Steve Preda

Steve Preda

05 Apr, 2018

One of my clients implementing the Entrepreneurial Operating System (EOS) asked me today how he should handle his overwhelming to do list. No doubt, this is an affliction impacting most if not all of us. We have more things than we can ever hope to accomplish and every successful action begets more tasks that we should be doing.

Before I copy my answer to him, here are my interpretations of a few EOS terms I used in my reply:

Rocks: Initiatives outside of your normal routine that take approximately 10 hours or more of focused effort to accomplish.

To Dos: 7-10 day action items, that can be accomplished as part of your regular daily work.
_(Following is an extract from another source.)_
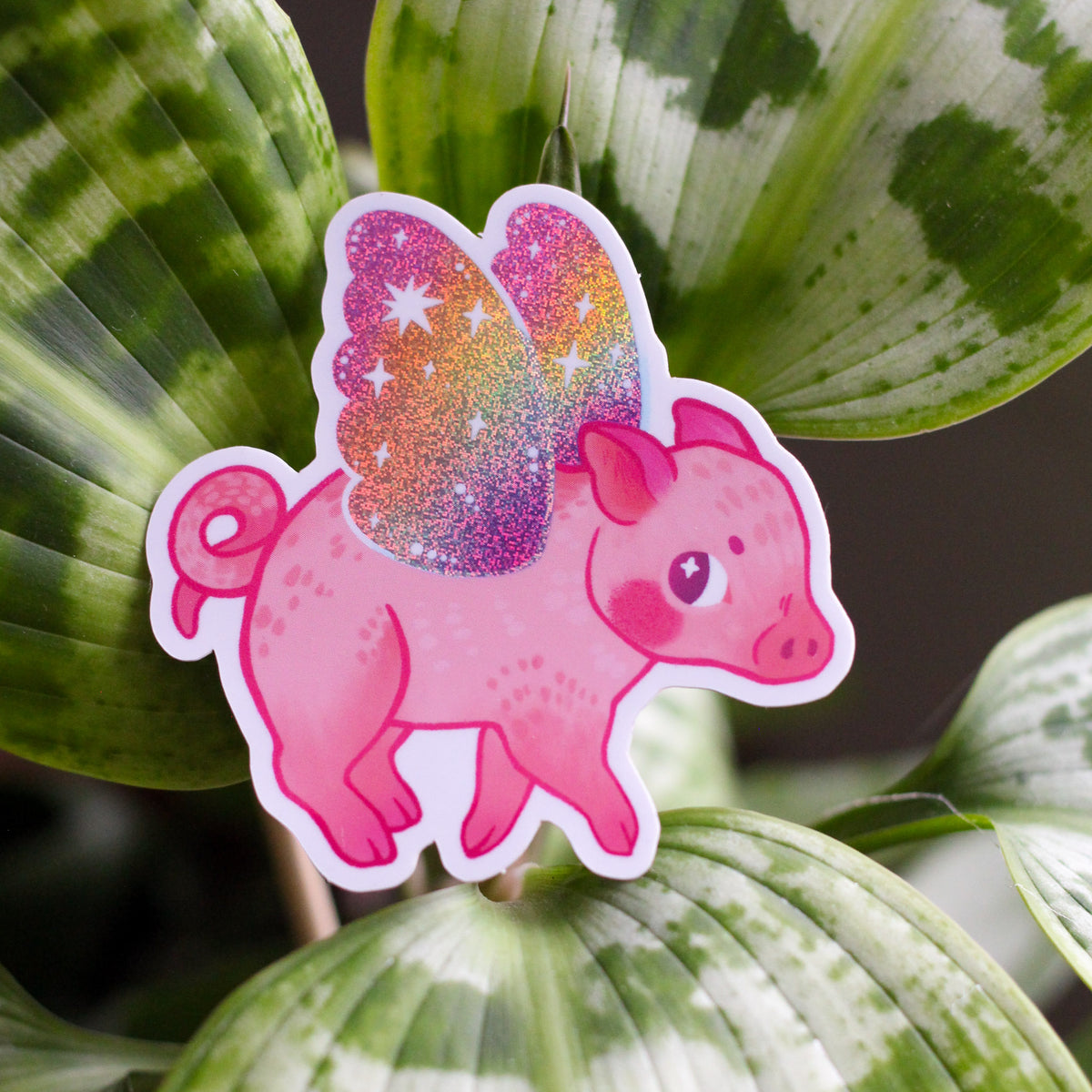 Pink flying pig vinyl sticker with glittery star pattern and white outline.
Future Rocks: Rocks that have not been picked for the current quarter but could become priorities in the next quarter.

Issues: Problems, opportunities or challenges that require exploration and discussion by your leadership team, followed by a decision and in most cases an action item, such as a To Do or a Future Rock.

Dear Jack,

Often, people don’t recognize Rocks for what they are and designate them as to dos. They then end up with the exact situation that they want to avoid, which is to be overwhelmed with tasks without prioritization.
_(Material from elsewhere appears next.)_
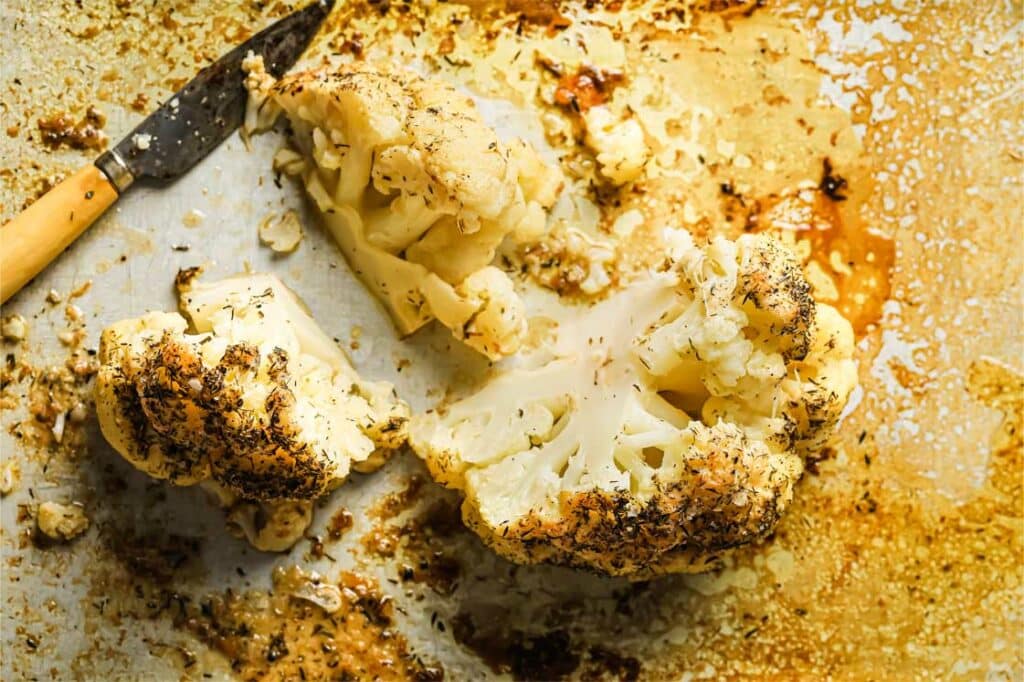 Sliced buttery roasted cauliflower on a baking sheet with a knife.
Sometimes people genuinely have too many To Dos. Often these can be combined into Future Rocks for the next quarter.

Having unresolved Issues can also cause you to have many To Dos. An underlying reason may be that you are micro-managing people and create To Dos for them, instead of communicating your objectives and letting them figure it out. This can be challenging with less experienced employees, who need to be coached to get more done on their own. Unfortunately, coaching is a long term strategy that involves some risk taking, but there is no easy way when you are building a company.
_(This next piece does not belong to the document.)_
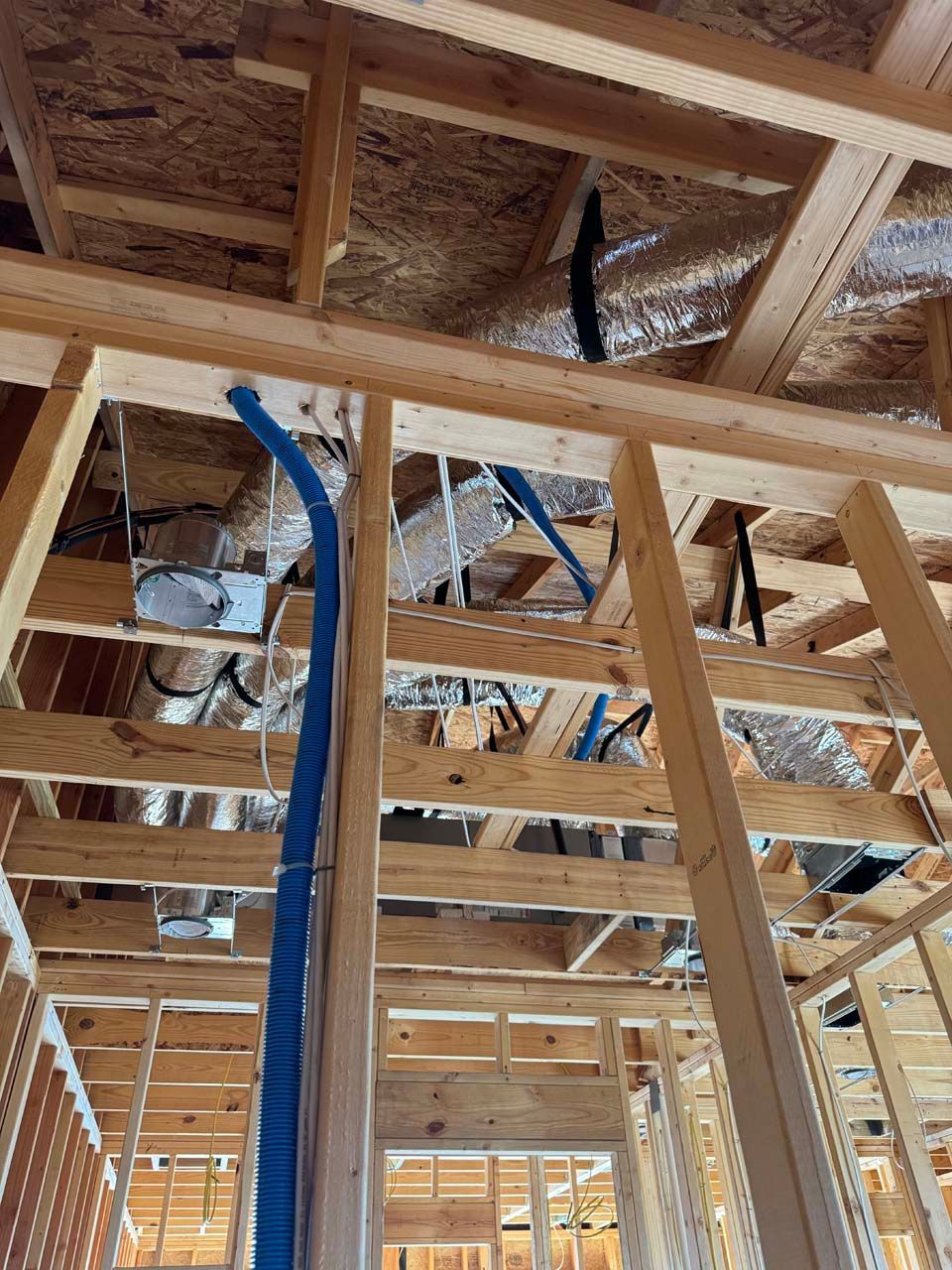 Looking up at the ceiling of a house under construction.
Perhaps you could build some processes that would create leverage in delegating To Dos. Technician-turned-entrepreneurs often don’t realize that what is second nature for them to do, thanks to decade of experience is a tall order for less seasoned staff. The good news is that complex tasks can be processized and sliced up, so that they can delegated to junior employees, who will appreciate the opportunity to work out of a blue print. (At my investment baking firm, we managed to delegate the production of complex information memoranda and financial models to graduates with 1-3 years of experience, by braking them down to modules and creating a quality control process. After 12 months we had a consistent and fast process to produce a high quality product at a fraction of the cost and without partner involvement.)

If none of these strategies work or seem appropriate, then just prioritize To Dos and decide to do the less important ones later. I personally have a to do list that I prioritize daily, picking up to 6 items for myself to do on any day and most days I won’t be able to do all of them. When the list grows overwhelmingly large (over 20 items), I remove the items that have not become a priority for at least 2 weeks and put them on my Future Rocks and To Dos list for prioritization later. I use an app on my phone that helps with the daily prioritization, called: TomorrowHD. I have used it for the past 3 years and highly recommend it.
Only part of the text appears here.